**Given entries**.
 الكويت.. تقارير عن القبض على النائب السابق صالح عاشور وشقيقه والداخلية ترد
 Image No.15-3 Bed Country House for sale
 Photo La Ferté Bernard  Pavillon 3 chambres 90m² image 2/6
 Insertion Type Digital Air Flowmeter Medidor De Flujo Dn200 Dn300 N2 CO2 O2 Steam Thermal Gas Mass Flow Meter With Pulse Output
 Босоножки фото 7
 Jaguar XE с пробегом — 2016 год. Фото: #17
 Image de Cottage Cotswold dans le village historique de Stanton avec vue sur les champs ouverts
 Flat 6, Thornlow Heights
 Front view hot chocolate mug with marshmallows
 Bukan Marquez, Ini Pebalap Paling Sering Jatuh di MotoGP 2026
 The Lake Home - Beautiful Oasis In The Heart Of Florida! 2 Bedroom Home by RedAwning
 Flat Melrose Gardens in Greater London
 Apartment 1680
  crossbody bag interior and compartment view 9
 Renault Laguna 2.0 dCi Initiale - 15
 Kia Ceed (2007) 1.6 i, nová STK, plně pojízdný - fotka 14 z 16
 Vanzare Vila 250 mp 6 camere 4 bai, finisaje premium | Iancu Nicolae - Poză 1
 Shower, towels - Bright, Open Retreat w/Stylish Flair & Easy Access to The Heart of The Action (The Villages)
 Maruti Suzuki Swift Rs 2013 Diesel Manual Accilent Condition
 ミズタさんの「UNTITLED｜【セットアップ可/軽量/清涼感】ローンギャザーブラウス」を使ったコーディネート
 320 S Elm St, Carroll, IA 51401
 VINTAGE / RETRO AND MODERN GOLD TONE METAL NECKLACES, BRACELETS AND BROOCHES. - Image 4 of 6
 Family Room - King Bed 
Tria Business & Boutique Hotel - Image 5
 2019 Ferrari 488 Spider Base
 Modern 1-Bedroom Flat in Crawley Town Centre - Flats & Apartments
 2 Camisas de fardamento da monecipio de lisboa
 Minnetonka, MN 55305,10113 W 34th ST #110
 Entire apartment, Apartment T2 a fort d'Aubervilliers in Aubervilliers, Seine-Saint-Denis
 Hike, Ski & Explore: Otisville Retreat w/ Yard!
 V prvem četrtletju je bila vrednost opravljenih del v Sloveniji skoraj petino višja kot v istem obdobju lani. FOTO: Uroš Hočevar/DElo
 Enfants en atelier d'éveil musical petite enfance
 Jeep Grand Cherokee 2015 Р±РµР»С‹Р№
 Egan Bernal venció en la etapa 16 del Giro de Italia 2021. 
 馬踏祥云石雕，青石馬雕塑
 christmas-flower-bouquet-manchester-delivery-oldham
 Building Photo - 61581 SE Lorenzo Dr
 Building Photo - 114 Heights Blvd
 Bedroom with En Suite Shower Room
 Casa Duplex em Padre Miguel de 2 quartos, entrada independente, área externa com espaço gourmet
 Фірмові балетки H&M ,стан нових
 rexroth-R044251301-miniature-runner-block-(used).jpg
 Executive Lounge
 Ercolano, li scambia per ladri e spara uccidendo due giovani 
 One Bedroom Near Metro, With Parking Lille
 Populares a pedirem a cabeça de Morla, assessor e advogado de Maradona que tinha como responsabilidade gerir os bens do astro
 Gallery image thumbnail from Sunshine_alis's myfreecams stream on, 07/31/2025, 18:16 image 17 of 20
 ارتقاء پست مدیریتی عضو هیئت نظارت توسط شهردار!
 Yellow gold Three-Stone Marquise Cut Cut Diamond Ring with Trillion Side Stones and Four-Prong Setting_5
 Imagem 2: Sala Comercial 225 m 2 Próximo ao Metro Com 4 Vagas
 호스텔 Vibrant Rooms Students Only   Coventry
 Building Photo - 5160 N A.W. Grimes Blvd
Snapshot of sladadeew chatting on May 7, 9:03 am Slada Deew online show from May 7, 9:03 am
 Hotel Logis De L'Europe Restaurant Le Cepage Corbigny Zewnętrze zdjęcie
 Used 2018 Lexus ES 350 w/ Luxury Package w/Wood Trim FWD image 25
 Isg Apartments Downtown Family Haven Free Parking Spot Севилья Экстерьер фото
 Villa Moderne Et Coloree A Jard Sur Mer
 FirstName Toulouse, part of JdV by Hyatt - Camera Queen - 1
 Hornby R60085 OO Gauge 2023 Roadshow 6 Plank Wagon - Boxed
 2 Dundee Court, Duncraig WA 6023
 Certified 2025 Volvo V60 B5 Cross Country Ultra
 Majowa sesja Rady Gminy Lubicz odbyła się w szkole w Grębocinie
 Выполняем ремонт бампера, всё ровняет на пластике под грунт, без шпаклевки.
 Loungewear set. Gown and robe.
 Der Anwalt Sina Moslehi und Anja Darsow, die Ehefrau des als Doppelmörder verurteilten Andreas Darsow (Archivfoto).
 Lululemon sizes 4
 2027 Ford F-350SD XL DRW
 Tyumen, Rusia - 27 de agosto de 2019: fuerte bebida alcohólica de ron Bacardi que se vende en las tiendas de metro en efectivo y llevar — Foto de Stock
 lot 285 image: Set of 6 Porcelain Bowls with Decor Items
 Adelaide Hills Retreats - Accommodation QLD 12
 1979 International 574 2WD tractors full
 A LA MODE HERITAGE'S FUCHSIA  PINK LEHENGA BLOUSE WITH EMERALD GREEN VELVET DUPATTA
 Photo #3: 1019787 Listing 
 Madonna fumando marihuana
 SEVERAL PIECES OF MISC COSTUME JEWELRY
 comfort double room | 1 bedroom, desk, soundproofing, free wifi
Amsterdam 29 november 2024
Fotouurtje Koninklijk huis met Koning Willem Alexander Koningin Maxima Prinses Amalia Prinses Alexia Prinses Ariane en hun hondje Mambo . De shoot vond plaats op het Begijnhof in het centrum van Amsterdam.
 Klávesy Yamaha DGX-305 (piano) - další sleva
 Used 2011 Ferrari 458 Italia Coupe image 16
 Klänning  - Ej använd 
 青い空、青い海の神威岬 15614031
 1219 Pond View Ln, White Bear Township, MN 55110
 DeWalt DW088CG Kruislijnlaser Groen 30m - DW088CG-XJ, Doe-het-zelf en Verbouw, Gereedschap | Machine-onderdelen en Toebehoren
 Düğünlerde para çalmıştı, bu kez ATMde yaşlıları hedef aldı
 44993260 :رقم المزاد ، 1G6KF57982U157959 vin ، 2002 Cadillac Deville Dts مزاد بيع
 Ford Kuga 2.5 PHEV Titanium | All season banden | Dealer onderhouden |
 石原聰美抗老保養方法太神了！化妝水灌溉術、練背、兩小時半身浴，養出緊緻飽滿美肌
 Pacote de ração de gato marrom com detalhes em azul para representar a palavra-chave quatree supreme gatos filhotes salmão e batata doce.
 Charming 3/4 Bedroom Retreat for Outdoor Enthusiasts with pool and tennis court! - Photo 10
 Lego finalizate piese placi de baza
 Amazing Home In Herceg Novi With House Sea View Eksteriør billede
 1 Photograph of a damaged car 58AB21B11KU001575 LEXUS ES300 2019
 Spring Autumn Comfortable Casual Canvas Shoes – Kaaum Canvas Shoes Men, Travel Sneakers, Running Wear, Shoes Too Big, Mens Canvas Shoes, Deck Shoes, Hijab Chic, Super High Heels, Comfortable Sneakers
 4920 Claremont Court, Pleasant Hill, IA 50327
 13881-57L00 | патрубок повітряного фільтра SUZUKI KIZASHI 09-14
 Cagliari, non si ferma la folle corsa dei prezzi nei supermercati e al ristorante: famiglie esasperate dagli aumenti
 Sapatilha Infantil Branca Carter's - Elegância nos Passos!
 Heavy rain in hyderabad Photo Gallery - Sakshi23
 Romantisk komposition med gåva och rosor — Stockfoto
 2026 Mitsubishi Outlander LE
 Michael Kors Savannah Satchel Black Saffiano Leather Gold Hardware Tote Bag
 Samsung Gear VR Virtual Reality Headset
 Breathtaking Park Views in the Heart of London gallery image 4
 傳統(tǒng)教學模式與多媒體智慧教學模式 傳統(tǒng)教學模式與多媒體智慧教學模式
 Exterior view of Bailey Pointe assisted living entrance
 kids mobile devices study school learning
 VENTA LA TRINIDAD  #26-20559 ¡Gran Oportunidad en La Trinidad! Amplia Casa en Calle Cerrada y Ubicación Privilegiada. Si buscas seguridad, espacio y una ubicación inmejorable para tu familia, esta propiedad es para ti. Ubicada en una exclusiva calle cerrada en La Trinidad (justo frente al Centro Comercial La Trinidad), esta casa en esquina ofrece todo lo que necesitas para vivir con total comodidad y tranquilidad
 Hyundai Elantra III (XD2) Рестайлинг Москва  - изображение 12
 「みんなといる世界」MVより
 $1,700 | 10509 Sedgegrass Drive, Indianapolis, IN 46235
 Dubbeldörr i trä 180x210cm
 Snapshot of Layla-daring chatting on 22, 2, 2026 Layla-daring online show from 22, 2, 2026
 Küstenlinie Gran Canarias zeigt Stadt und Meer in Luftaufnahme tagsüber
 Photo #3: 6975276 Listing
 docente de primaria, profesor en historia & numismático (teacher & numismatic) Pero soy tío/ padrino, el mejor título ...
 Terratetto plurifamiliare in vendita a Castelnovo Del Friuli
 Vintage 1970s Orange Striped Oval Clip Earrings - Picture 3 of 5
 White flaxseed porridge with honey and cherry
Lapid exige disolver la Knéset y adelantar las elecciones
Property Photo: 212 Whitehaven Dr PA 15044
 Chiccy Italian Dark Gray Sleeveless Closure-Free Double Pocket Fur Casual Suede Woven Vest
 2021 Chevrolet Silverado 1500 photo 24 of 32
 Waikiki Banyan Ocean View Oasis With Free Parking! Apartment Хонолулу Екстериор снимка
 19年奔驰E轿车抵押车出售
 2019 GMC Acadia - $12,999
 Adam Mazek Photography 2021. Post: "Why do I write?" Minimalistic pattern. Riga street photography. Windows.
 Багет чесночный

**Task item**. From the listing above, pick out each line where the word "Casual" appears.

**Solution for this exercise**.
 Spring Autumn Comfortable Casual Canvas Shoes – Kaaum Canvas Shoes Men, Travel Sneakers, Running Wear, Shoes Too Big, Mens Canvas Shoes, Deck Shoes, Hijab Chic, Super High Heels, Comfortable Sneakers
 Chiccy Italian Dark Gray Sleeveless Closure-Free Double Pocket Fur Casual Suede Woven Vest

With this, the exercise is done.